Morton Mandel plans on investing in Israeli firms as a way of building up the Jewish state, the billionaire American Jew told the Jerusalem Post during an interview in Tel Aviv last week.

Speaking from the offices of one of the businesses he owns here, Mandel, the ninety three year old co-founder of the Jack, Joseph and Morton Mandel Foundation, said that he plans to “buy more companies that are not doing well and fix them up. The driver is I want a better, stronger, healthier Israel.”

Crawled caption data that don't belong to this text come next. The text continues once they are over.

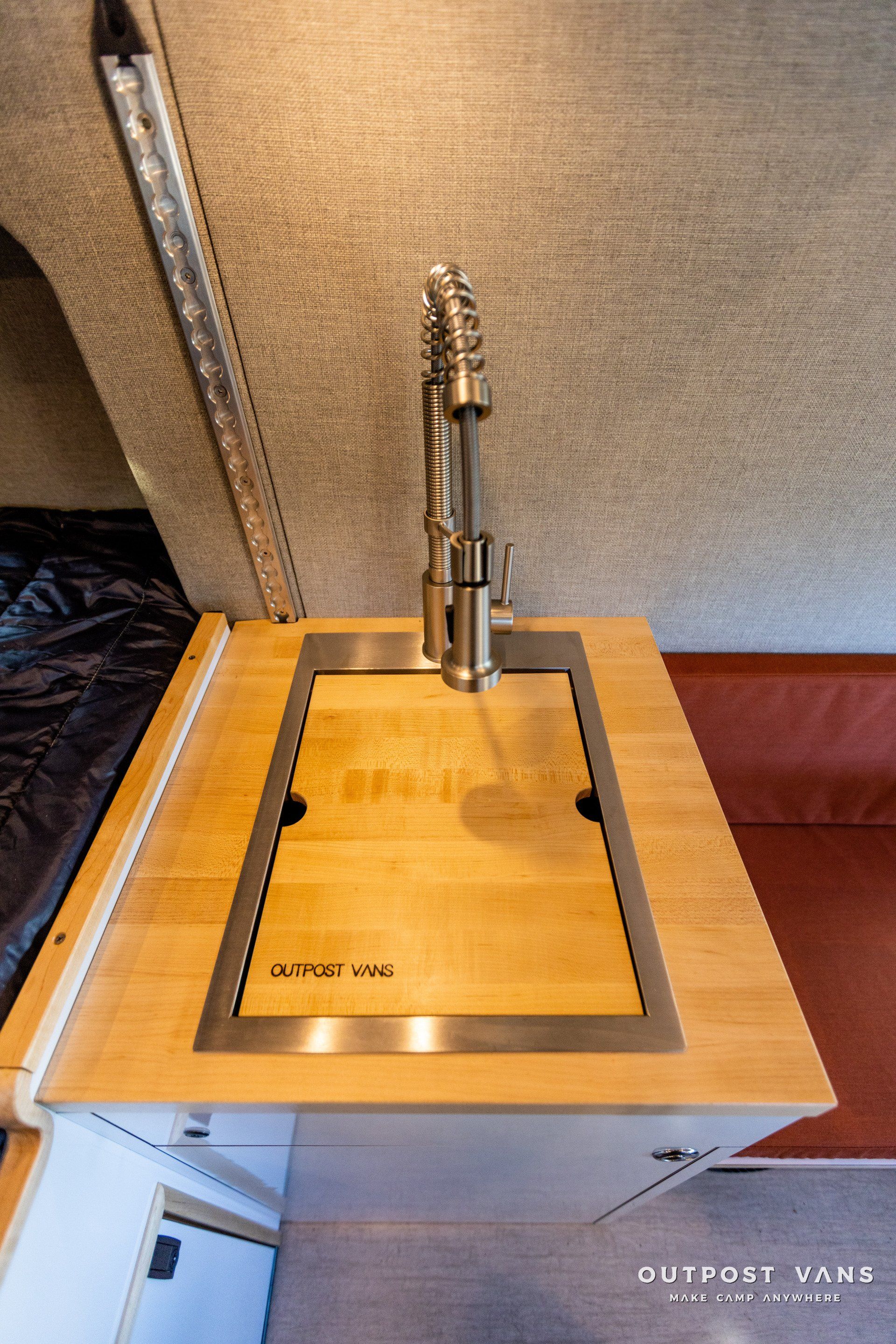 a stainless steel sink with a wooden counter top in a camper van .
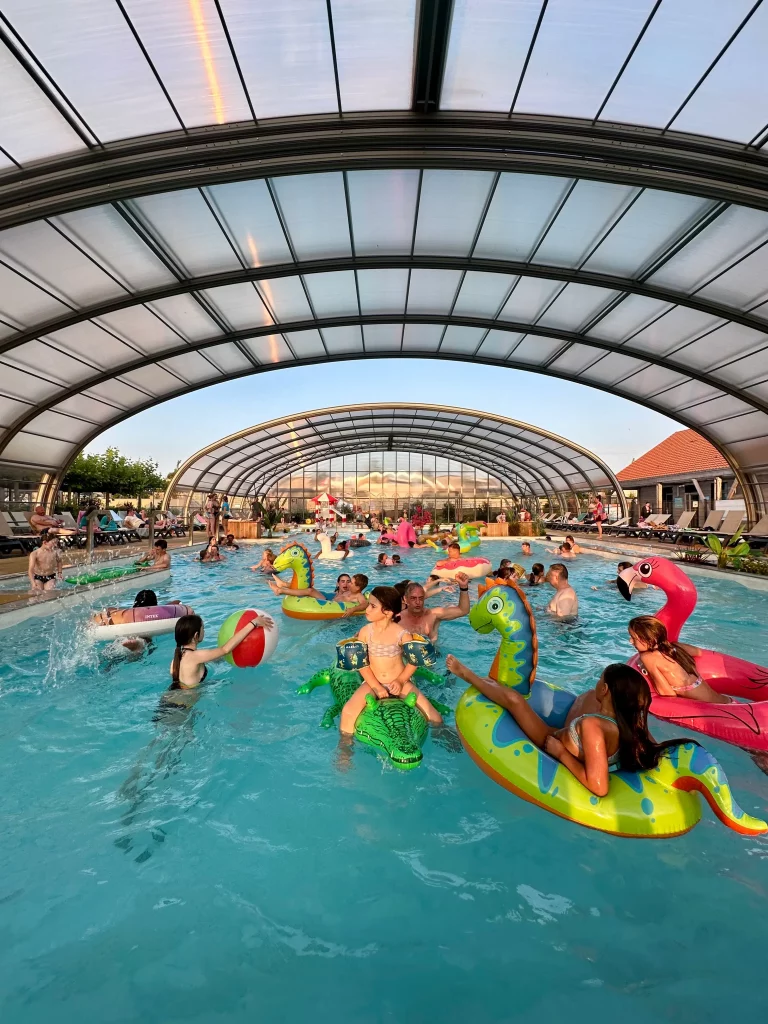 Piscine couverte avec enfants sur bouées colorées.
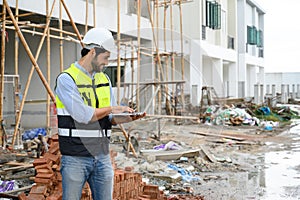 Young attractive construction smiling bearded in vest with white helmet working with laptop, standing on building construction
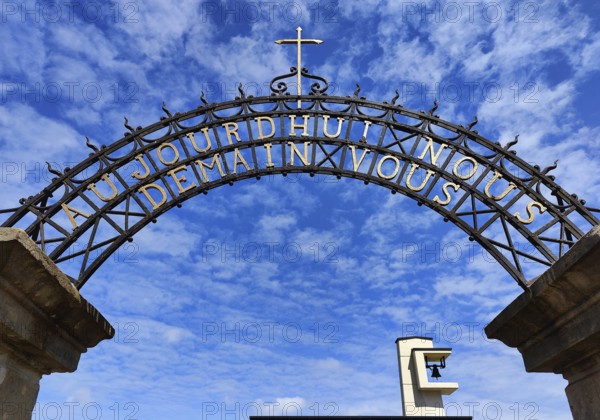 Wrought-iron portal by Francois Theis with the inscription Heute Ihr Morgen Wir, entrance to the cemetery in Consdorf, Duchy of Luxembourg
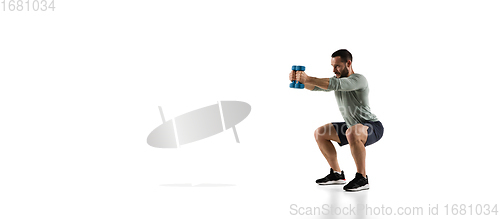 Image of Young caucasian male model in action, motion isolated on white background. Concept of sport, movement, energy and dynamic, healthy lifestyle. Training, practicing.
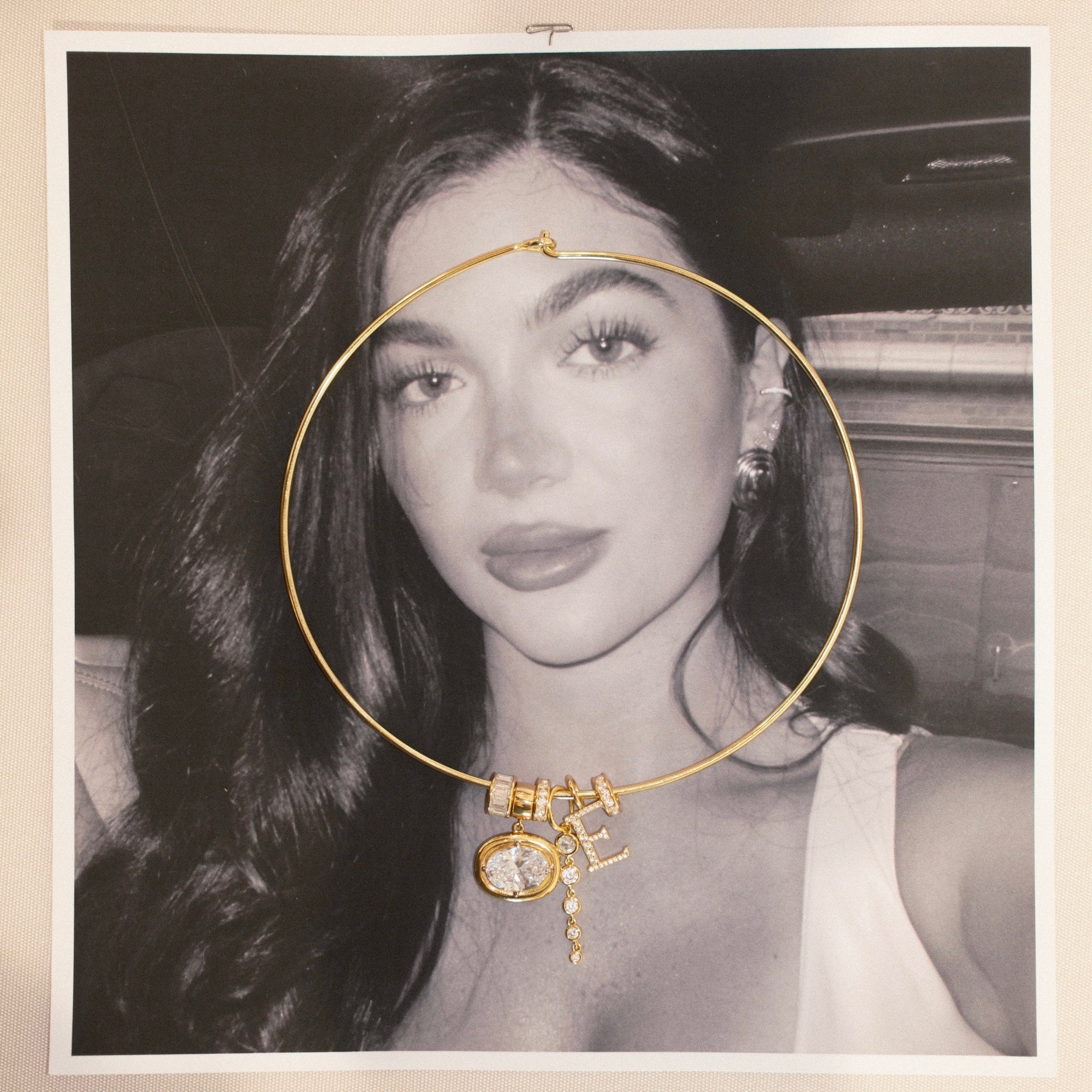 Gold cuff necklace with birthstone and charm pendants on a black and white photo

Mandel, who both invests in Israeli companies and donates directly to a variety of Israeli causes, primarily linked to education and leadership training, was honored on his trip by Yediot Books on the sale of the twenty thousandth copy of the Hebrew translation of his book “It’s all about who you hire, how they lead” and by the Negev development town of Yeruham, which named a street after him. Mandel owns a bottling plant there and contributes to a number of local charitable endeavors.

Explaining reasons for seeking ways to contribute to Israeli society, Mandel recalled growing up with anti-Semitism in pre-World War Two America and how the Israeli victory in the 1967 Six Day War “made me a foot taller and a different person with my non-Jewish friends.”

Speaking about a visit he made here following Israel’s swift victory in that war, Mandel said that “the Holocaust was a scar on me in general and Israel was suddenly a reality and I breathed it. If Israel had been here in 1938 my relatives [in Europe] would still be living.”

Discussing one of the firms he owns here, he said “I own this company because I want to create jobs in Israel and I am going to expand this company to create more jobs. I’m a billionaire, I didn’t come to make more money. I’ve given millions away.”

Among Mandel’s recent donations are a building to house a center for the advanced study of the humanities at the Hebrew University, which is slated to be opened in June and a children’s museum in Beer Sheva.

Mandel seemed especially proud of the leadership training programs he runs, which have recently included a number of members of the ultra-orthodox community. He hopes that they will have a “ripple effect” in their communities and will help unlock the talents of the ultra-orthodox, which he believes will be important for the future development of the state.

Regarding the government’s World Jewry Joint Initiative, a strategy under which Israel plans on implementing programs to strengthen Jewish identity throughout the Diaspora, Mandel said that the Israelis “should be players” and that the state should “fight for what they will think will strengthen Jewish identity.”